STORED DATA.
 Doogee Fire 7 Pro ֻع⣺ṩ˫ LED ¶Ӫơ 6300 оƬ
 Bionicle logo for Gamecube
==
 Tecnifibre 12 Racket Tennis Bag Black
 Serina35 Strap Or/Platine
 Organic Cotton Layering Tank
---
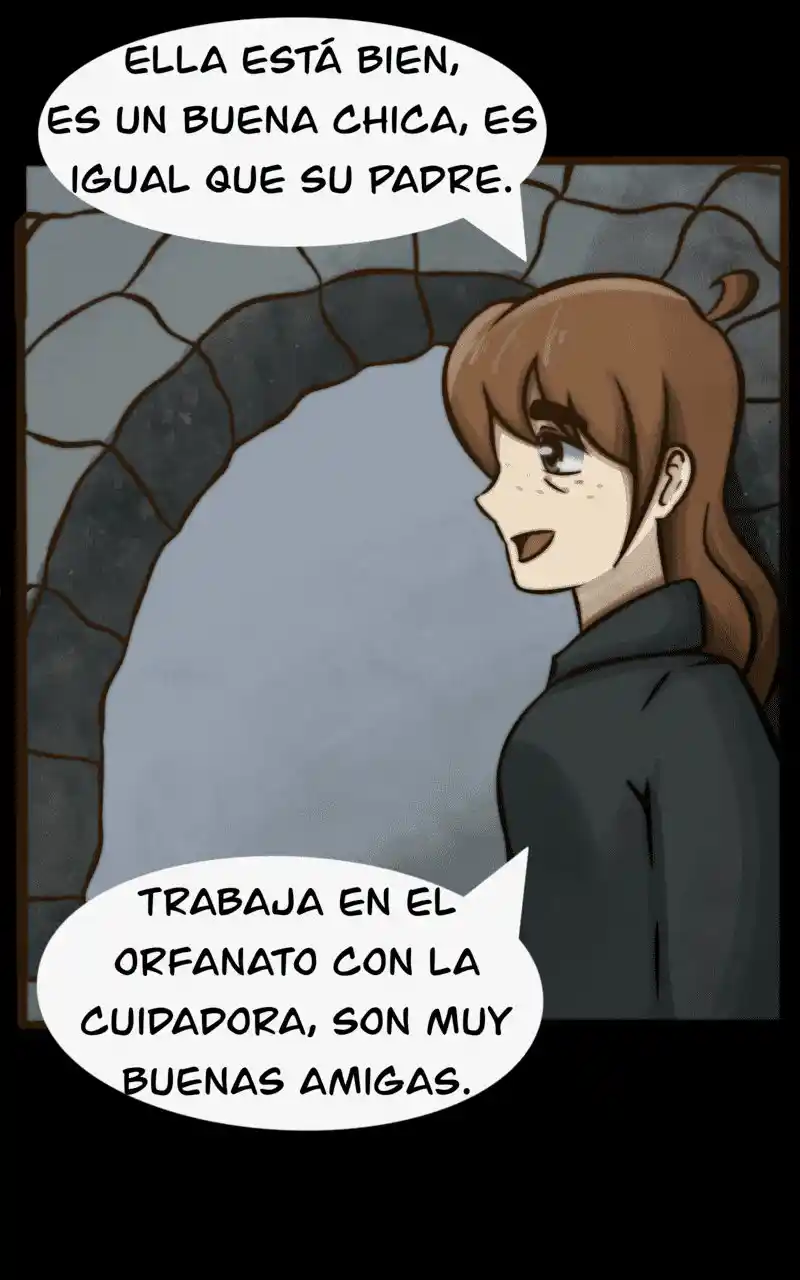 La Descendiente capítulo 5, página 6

EXERCISE.
Copy out the range of lines above starting at the line with "Doogee Fire 7 Pro ֻع⣺ṩ˫ LED ¶Ӫơ 6300 оƬ" and ending at the line with "Bionicle logo for Gamecube", exactly and including both.

ANSWER SECTION.
 Doogee Fire 7 Pro ֻع⣺ṩ˫ LED ¶Ӫơ 6300 оƬ
 Bionicle logo for Gamecube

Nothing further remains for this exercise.